People most commonly pay CGT on:
- Land; property, for example a holiday home; possessions worth more than £6,000; shares; and business assets such as premises or goodwill.
- CGT is calculated by working out the gain or loss for each asset disposed of less any allowable relief or expenses;
- Deducting the total allowable losses from the total gains provides the net gain or loss;
- Deducting allowable losses brought forward from earlier years;
- Deducting the annual tax free allowance;
- Any net gain is subject to CGT.
If living together, spouses and civil partners will usually not pay CGT on transfers between each other because they are treated as one person. Once they are separated however, they are not treated as one person and so a chargeable gain may arise. The issue of transfer of assets between separated spouses and civil partners arises when the parties agree a settlement where an Order is made in Court proceedings giving rise to a CGT liability. There are a number of exceptions to CGT including the family home (subject to time limits), premium bonds, a private car and cash. However, in order to raise cash, the party may have to dispose of an asset which would attract CGT.
A separating couple is treated by HMRC as a married couple for the whole tax year in which separation occurred. Therefore, assets transferred between separating couples in the tax year of their separation are free from CGT. In relation to the family home, in the majority of cases, there will be no CGT charge because the home is being used as a private residence and a person’s main residence is exempt from CGT. Therefore, if a spouse transfers their interest in the former home within 18 months of leaving, the gain will be exempt from CGT (so long as they qualify for principle private residence relief). If a party who has been out of occupation of the family home for more than 18 months an extra – statutory concession applies in situations where a party transfers their share in the family home.
The concession applies where a spouse transfers an interest in the family home to the other spouse as part of a financial settlement on divorce or separation, and;
- The other spouse continues to occupy the family home as their only or main residence; and
- The transferring spouse has not elected to treat any other property as his only or main residence.
The transferring spouse is deemed to continue in occupation of the home until the date of the transfer, however long it is since they left the family home.

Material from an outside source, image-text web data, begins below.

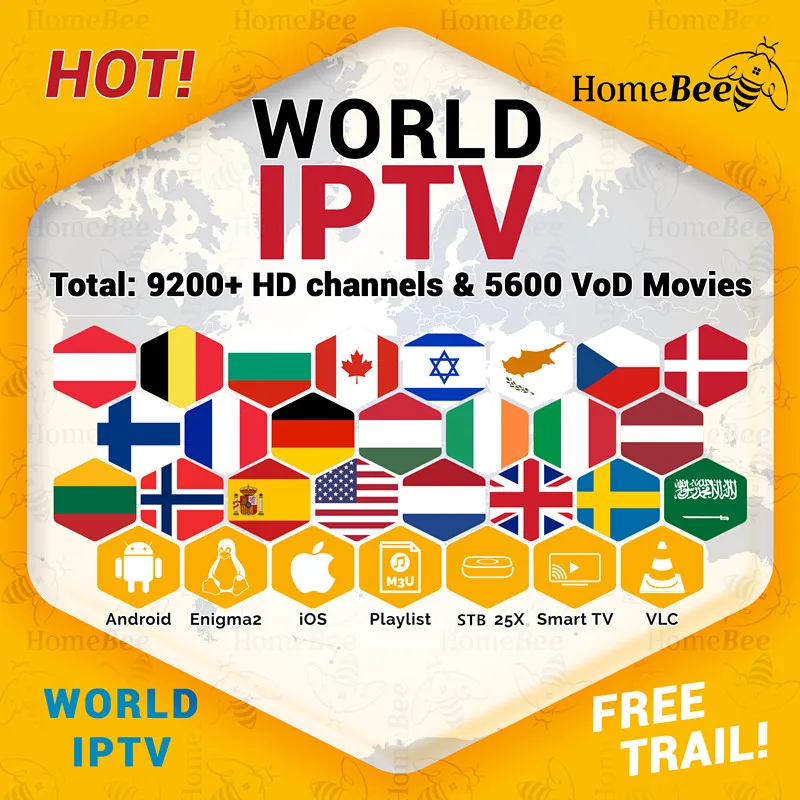 IP tv подписка 9000+ Live Европа IP tv Nederland Швеция Израиль Испания IP tv m3u для android ТВ приставка x96 Мини Смарт ТВ приставка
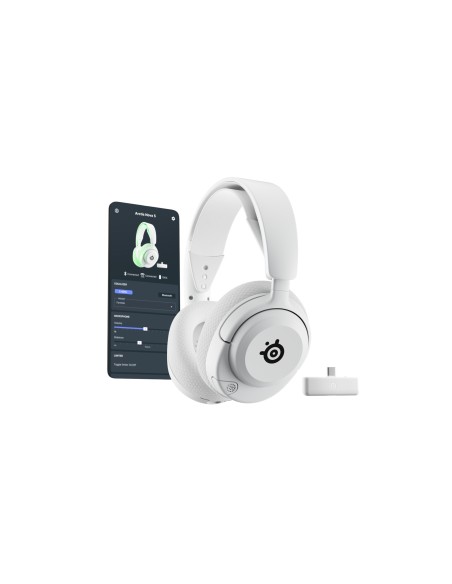 Arctis Nova 5X Wireless Auriculares Inalámbrico Diadema Juego USB Tipo C Bluetooth Blanco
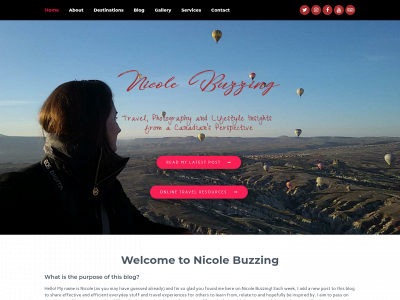 nicolebuzzing.com snapshot
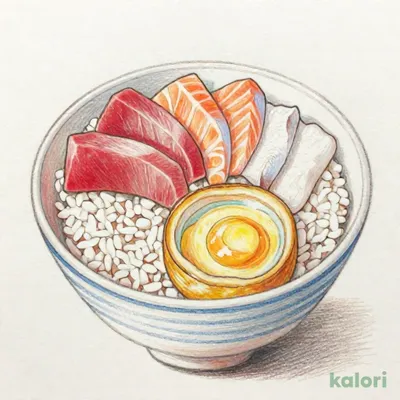 豪華海鮮丼 茶碗蒸しセット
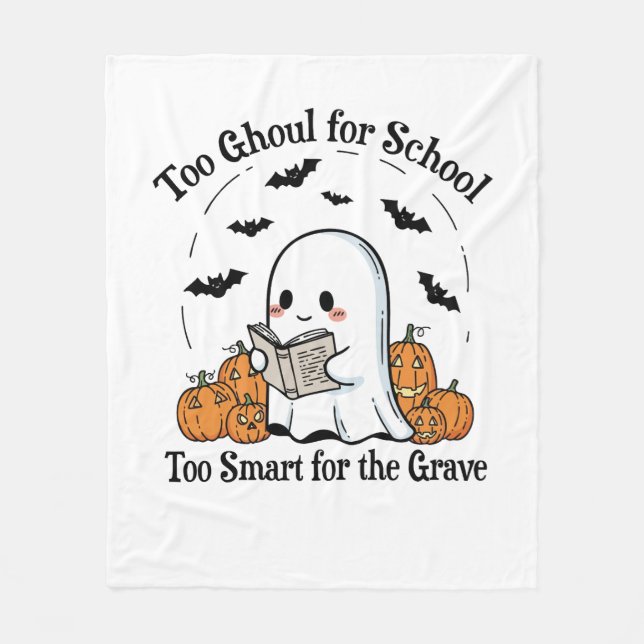 Bus eller godis Halloween Fleecefilt (Framsidan)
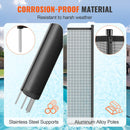 VEVOR Clôture de Piscine, Barrière de Piscine Creusée 1,21x21,95 m Clôture Amovible de Sécurité Pliable Tige en Aluminium Tissu Maille PVC Teslin 340 g/m² pour Protection Enfants Animaux Domestiques - image 4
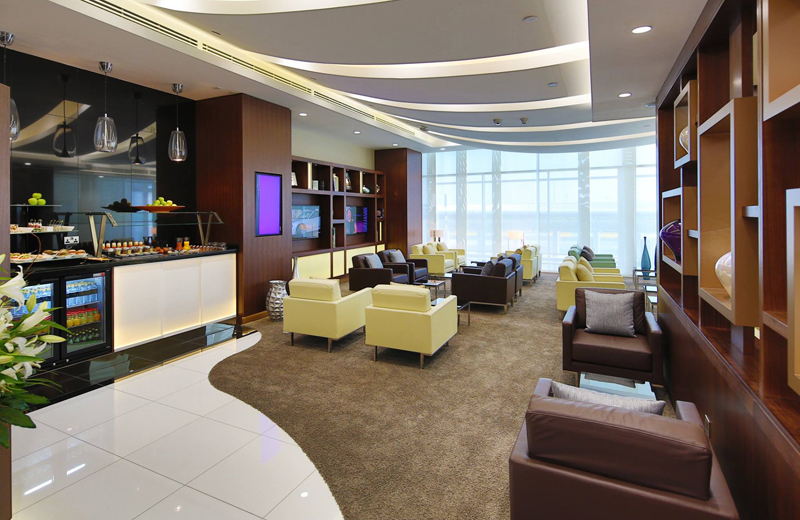 Etihad First Class and Arrivals Lounge am Abu Dhabi International Airport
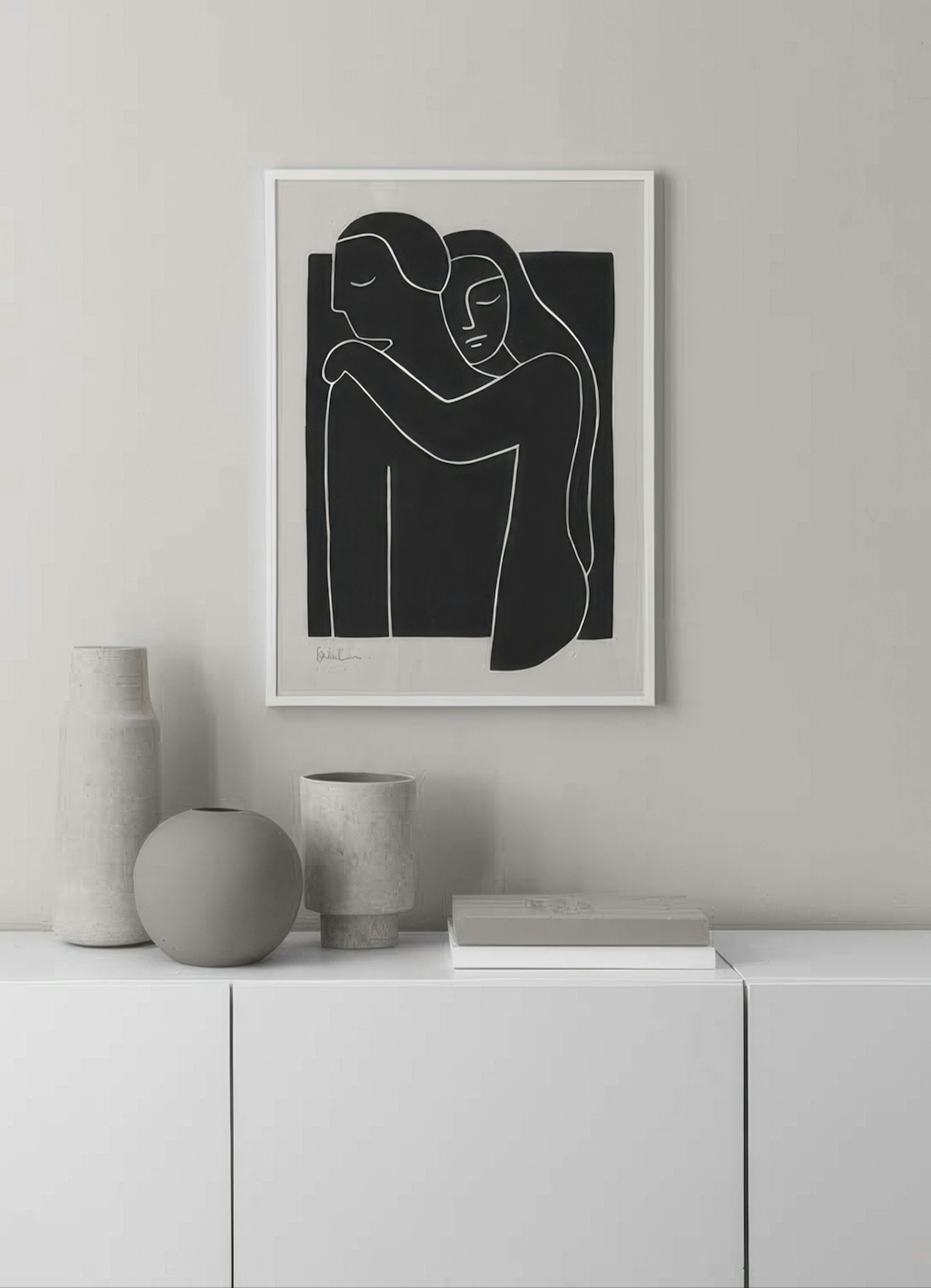 Black Cutout No2 Juliste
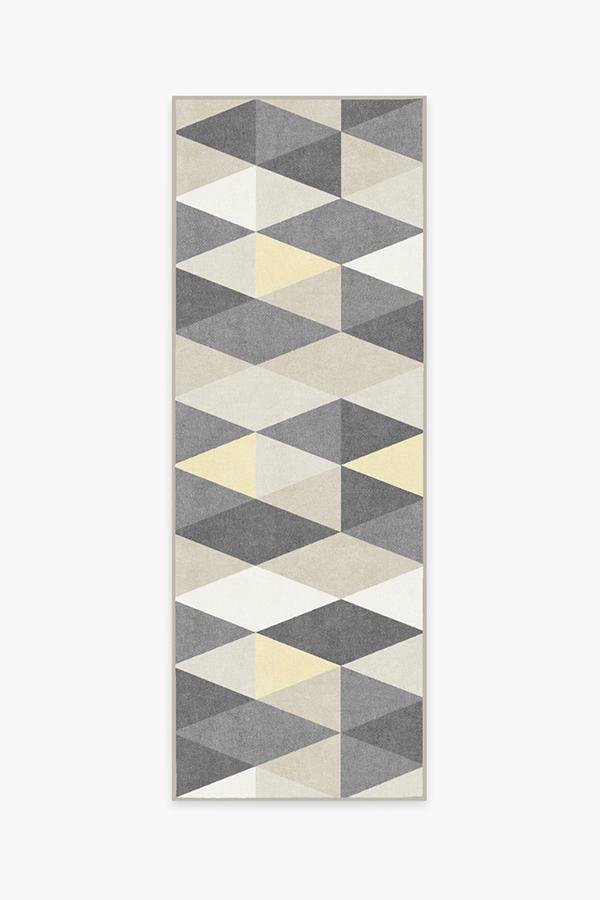 Tessera Yellow Rug 2.5'x10' | Stain-Resistant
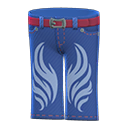 Secondary image of Embellished denim pants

Inheritance tax could be payable on any transfer value made by a person while that person is alive. When a person dies, the person is deemed to make a transfer of value equal to the value of his entire estate immediately before death. There is a “nil rate band” exemption within which transfers of value made within a 7 year period will be free of tax. The current nil rate band for the tax year 2015 to 2016 is £325,000. During a marriage or civil partnership transfers of assets are exempt from inheritance tax until the date of Decree Absolute.
Stamp duty land tax
Stamp duty is a tax charged in respect of “land transactions”, which effect the transfer of interest of land. The amount of stamp duty paid is based on the amount of consideration provided for the land. This tax is encountered during house sales and purchases and is taken into account when calculating the money available to the parties.